ASSIGNED TASK
Below is a listing from which only part is wanted; return exactly the lines from the one with "Radio Tele Zantray logo" up to and including the one with "Newport Road, Eccleshall, ST21".

SUPPLIED MATERIAL
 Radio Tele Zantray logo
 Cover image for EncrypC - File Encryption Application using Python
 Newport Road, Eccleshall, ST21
---
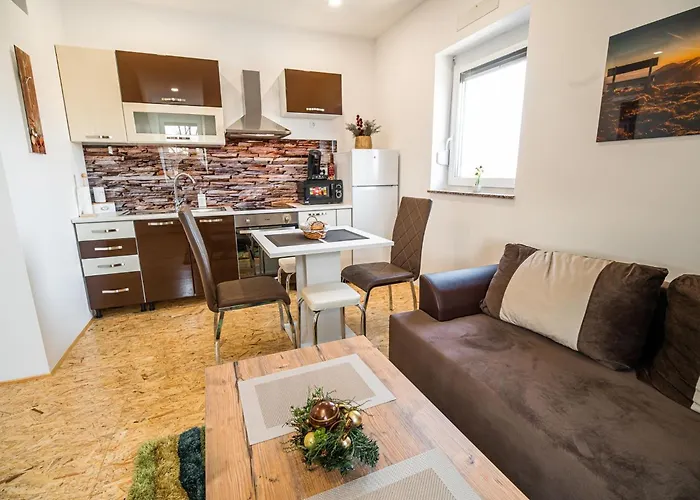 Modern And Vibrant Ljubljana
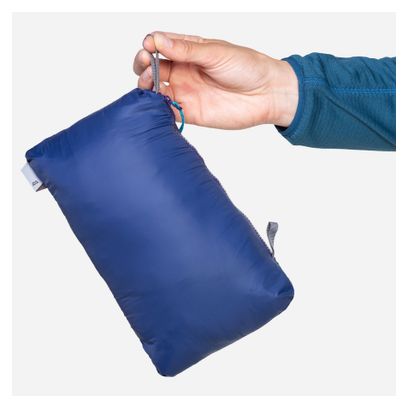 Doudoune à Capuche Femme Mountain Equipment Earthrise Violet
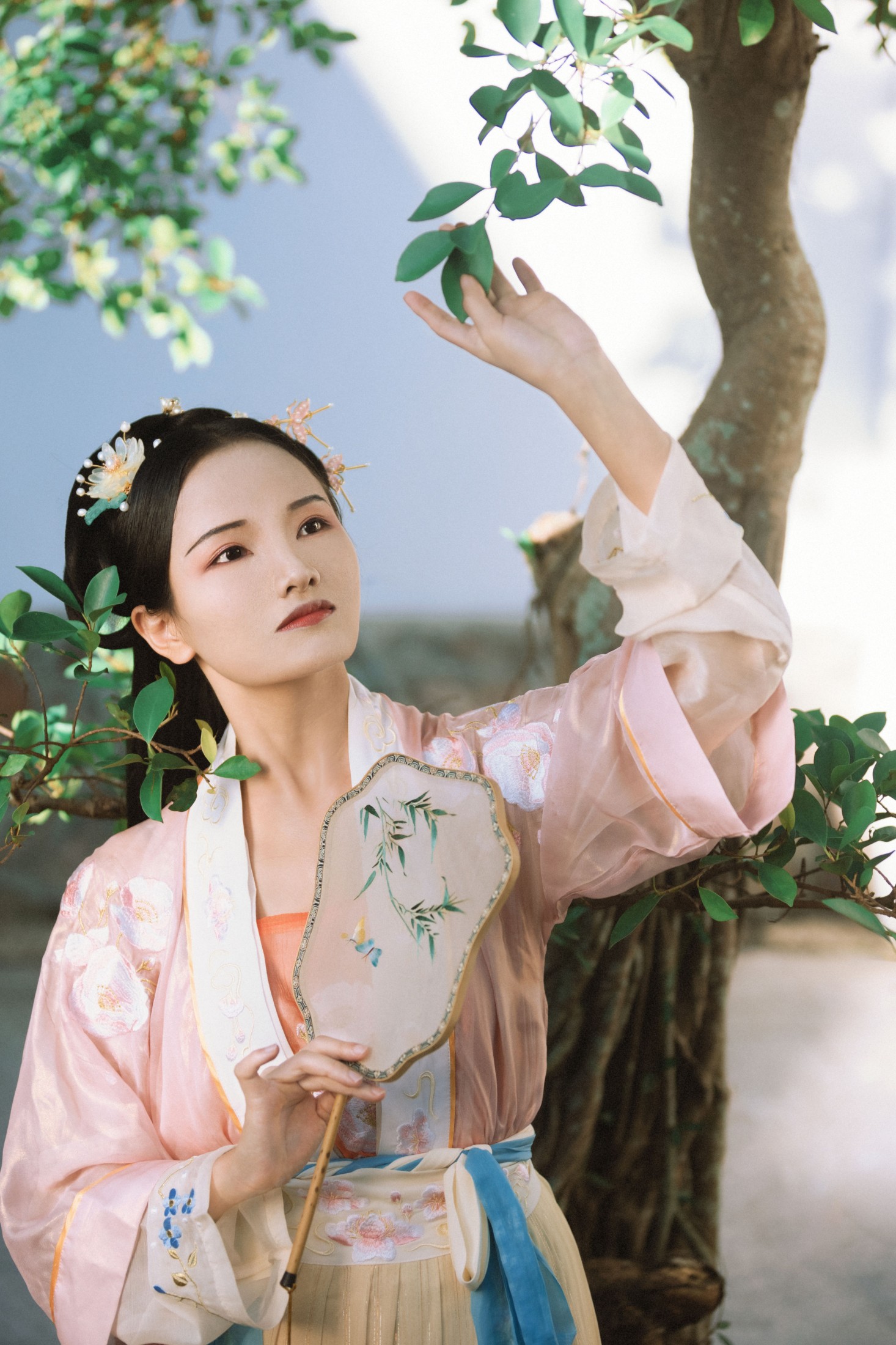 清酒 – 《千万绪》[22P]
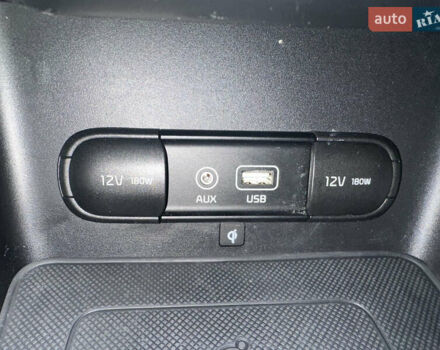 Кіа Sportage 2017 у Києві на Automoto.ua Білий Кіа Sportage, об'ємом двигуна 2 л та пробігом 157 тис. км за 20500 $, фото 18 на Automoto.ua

ANSWER SPACE
 Radio Tele Zantray logo
 Cover image for EncrypC - File Encryption Application using Python
 Newport Road, Eccleshall, ST21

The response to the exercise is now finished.